Spade, who on Tuesday was found dead of an apparent suicide, founded the brand in 1993 with her college sweetheart-turned-husband Andy Spade, and chose ragtag, multigenerational casts for the brand's quirky ad campaigns; she continued the trend with her second venture, Frances Valentine, a combination of a longtime family name, Frances (belonging to her daughter, brother, father and grandfather) and her father's middle name.
There's a reason Kate Spade's work appealed just as much to a generation of 12-year-old girls as it did to their moms. At its core, it made the case that femininity, creativity and a sense of playfulness weren't qualities you needed to give up or hide away in order to be taken seriously in the world -- that, in fact, they should be celebrated. It was an idealistic notion, but the woman at the helm, who built what would become a multibillion-dollar brand on boxy handbags and polka-dot prints, was all the proof we needed.
The idea that whimsy should have a place in the workplace, that "sophisticated" doesn't need to mean "staid," that prints should be mixed and colors can be clashed, were, in many ways, ahead of their time. In an industry of dark sunglasses and status handbags, she embraced an unapologetically pretty, preppy, East Coast aesthetic, turning it on its head in the process.

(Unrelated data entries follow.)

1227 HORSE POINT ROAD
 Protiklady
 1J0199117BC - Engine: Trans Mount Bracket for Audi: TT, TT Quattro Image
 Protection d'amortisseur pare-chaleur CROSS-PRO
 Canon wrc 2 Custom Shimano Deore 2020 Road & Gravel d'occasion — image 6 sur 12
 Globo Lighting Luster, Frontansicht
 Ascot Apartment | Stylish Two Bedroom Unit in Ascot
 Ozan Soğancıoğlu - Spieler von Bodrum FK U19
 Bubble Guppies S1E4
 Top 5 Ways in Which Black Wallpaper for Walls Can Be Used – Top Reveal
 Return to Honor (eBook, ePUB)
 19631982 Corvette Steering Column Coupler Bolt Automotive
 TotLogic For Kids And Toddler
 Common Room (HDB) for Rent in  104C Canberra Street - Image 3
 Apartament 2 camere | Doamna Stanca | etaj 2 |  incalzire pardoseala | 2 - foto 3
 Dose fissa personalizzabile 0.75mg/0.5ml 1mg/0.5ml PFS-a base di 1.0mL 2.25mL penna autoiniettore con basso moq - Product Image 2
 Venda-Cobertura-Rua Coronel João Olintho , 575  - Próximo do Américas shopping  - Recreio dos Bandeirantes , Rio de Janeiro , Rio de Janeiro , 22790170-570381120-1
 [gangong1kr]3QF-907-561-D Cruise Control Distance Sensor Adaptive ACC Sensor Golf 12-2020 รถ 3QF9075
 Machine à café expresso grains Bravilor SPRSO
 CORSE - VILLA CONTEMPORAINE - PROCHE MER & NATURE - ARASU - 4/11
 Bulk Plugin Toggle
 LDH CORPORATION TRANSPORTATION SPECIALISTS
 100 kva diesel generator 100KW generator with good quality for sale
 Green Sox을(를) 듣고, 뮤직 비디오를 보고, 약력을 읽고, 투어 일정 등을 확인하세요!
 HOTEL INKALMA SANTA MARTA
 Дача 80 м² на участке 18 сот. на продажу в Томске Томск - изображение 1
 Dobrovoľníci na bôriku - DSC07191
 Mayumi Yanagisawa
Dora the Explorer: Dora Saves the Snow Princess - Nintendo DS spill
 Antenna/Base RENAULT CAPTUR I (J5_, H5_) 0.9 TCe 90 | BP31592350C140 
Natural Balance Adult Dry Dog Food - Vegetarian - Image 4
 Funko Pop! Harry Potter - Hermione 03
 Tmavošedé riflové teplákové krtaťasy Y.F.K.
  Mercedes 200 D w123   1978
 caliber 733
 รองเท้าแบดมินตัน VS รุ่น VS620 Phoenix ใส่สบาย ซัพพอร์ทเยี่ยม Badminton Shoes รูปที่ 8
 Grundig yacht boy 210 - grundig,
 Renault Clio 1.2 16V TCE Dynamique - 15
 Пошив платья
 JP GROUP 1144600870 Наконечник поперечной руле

Spade's was a lifestyle brand before everything was a lifestyle brand, and unlike the seltzer companies and razor subscription services that claim the title for themselves today, hers spoke to how customers wanted to live while meeting them where they were -- there was patterned china (for entertaining, maybe, but more likely Chinese takeout), striped bedding that made you question the existence of plain white sheets, and cheeky notecards that have withstood the test of the email era.
While the company has changed hands numerous times over the years, and Spade and her husband officially parted ways with it in 2007 to focus on their family, the force of Kate Spade's legacy has been apparent in the outpouring of grief and nostalgia on social media since the news of her death broke, not least because the brand she founded still bears her name. (Spade, in fact, changed her last name to "Valentine" in 2016 to align with her new label, having sold the rights to design under her married name a decade earlier.)
The apparent suicide came as a particular shock to her fans because of the joy and vitality that permeated every aspect of her work. It was, and is, a reminder that the image someone projects onto the world -- whether through success, celebrity or an affection for candy-colored handbags -- doesn't always reflect their reality, and of how much we stand to lose if we forget that.